**Work instructions:**
Go through the entries below, tally each line with the string "Sweatshirt", and give the final number by itself.

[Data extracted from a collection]
------------------------

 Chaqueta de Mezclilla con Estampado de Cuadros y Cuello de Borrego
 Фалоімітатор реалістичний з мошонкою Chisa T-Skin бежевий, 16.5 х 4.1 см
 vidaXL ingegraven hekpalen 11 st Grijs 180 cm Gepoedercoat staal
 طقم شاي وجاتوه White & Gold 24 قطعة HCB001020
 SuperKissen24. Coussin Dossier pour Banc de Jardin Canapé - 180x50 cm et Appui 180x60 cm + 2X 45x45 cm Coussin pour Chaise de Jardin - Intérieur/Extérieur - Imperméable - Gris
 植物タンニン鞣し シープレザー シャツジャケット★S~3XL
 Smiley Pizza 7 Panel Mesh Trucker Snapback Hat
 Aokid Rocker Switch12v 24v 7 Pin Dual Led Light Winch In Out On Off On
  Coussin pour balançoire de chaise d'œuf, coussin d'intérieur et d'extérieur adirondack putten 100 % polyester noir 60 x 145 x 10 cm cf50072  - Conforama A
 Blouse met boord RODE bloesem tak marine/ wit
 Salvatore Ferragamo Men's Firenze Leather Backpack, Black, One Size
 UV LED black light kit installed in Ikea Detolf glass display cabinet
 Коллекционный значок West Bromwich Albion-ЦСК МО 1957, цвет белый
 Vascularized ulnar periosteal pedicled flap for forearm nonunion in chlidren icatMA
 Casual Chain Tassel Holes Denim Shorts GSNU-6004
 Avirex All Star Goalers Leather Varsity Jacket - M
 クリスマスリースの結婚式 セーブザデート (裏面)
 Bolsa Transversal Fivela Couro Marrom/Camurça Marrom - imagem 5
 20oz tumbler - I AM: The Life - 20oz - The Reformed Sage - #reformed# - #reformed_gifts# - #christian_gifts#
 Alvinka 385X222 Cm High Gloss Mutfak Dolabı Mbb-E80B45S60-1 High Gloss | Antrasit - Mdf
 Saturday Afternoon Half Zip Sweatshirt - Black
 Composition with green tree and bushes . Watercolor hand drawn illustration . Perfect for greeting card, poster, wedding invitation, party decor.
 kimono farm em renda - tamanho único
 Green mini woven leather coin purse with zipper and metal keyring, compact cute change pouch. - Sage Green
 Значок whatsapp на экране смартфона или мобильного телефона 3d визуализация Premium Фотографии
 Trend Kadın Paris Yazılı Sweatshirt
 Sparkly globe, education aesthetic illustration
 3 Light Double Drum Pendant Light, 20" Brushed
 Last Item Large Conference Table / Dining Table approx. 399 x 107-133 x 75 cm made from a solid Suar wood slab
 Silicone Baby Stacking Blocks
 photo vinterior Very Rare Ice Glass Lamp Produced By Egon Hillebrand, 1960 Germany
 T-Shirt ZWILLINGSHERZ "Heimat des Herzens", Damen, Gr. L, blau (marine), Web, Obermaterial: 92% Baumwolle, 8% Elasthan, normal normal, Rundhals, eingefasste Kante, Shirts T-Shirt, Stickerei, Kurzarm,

------------------------

**Written answer:**
2